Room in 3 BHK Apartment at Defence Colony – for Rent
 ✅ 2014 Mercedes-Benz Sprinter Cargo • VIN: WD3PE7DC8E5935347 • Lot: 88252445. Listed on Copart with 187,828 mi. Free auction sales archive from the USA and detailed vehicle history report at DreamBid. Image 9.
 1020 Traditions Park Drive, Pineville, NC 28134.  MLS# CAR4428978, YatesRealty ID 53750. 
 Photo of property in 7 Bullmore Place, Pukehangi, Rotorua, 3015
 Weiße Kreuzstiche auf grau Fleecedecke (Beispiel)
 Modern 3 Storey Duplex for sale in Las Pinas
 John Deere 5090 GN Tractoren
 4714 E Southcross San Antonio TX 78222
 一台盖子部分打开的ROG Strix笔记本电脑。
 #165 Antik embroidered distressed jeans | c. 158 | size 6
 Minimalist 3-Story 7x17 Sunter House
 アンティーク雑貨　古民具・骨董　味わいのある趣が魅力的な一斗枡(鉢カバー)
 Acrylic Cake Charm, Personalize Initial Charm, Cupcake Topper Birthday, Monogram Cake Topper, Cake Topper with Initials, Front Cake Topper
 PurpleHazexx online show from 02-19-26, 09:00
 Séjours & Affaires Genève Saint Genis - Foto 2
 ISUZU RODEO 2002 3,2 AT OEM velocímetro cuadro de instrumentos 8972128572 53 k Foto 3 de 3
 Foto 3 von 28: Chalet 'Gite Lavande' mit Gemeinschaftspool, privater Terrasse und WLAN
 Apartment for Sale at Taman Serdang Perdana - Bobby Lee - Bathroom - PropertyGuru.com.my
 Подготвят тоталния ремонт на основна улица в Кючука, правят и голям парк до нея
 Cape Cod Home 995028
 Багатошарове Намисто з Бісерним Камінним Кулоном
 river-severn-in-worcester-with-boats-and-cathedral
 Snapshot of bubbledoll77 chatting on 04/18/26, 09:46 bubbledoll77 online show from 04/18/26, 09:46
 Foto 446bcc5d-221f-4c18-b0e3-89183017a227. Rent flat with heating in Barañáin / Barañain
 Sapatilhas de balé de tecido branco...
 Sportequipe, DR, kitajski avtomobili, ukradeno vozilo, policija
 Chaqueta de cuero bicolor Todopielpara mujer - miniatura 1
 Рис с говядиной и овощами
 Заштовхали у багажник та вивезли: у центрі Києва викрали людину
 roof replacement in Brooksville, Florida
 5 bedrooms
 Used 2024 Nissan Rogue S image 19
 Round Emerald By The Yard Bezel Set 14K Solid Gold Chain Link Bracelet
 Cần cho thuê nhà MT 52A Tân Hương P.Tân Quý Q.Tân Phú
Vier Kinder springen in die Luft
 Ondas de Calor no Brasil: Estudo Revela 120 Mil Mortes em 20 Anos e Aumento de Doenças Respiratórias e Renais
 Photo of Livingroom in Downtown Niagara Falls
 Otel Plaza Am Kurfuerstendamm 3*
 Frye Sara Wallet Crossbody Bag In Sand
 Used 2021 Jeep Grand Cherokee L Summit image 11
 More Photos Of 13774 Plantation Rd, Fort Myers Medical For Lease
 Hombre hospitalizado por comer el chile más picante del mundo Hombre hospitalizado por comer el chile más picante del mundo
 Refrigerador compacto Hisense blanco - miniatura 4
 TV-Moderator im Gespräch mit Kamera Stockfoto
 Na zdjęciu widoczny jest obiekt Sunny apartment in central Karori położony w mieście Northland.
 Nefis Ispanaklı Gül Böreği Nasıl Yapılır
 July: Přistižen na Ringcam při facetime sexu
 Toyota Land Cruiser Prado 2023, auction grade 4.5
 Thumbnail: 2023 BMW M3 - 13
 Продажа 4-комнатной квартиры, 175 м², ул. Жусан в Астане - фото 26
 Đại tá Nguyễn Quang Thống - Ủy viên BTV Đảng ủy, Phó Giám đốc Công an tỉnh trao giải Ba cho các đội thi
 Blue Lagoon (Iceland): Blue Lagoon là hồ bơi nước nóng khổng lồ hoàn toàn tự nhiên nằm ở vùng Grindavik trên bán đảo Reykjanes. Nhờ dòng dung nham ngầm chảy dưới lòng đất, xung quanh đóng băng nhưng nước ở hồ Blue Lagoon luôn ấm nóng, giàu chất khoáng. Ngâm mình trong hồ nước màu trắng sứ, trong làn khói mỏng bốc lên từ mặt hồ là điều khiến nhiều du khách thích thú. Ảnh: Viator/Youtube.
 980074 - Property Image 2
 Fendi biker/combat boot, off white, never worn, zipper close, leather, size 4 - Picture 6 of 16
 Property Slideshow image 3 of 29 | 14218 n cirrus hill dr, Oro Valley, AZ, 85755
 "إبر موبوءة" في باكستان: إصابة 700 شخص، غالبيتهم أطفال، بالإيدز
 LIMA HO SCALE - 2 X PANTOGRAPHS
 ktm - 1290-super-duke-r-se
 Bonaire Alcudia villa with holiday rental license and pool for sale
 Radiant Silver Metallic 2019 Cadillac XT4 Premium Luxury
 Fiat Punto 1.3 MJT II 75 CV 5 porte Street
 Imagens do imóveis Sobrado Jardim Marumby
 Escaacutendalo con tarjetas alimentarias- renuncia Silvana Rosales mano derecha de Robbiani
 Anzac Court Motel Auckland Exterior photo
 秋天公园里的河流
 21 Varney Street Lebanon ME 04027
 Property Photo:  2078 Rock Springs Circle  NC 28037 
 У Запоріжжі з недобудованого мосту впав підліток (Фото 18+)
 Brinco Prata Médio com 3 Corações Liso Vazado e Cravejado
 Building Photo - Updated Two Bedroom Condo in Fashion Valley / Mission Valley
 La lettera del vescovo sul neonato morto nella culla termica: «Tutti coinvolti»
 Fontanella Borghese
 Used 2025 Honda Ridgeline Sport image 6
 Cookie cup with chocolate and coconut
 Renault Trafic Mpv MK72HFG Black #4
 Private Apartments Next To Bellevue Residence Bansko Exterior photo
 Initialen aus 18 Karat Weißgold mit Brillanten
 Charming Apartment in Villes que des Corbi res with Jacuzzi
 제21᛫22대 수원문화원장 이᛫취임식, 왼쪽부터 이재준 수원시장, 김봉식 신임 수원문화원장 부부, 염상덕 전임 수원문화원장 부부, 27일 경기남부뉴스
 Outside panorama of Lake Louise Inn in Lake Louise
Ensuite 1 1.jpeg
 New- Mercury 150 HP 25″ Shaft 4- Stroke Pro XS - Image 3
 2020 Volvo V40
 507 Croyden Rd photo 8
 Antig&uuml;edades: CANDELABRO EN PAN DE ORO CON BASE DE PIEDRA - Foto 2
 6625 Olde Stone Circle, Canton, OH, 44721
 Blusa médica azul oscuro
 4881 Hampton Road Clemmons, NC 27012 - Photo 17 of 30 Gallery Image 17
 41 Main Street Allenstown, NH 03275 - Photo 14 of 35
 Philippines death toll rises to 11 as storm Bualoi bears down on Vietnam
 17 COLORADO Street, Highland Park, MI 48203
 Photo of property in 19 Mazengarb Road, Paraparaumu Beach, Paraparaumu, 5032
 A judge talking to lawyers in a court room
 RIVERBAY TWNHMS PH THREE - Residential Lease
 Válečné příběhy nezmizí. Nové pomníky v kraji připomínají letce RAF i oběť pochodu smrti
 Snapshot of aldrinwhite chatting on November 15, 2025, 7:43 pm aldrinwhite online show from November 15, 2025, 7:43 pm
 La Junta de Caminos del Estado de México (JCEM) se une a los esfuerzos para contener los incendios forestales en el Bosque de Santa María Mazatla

----

Problem statement: Find the word "Street" in the listing and copy each line that contains it.

Result for this exercise:
 Fiat Punto 1.3 MJT II 75 CV 5 porte Street
 21 Varney Street Lebanon ME 04027
 41 Main Street Allenstown, NH 03275 - Photo 14 of 35
 17 COLORADO Street, Highland Park, MI 48203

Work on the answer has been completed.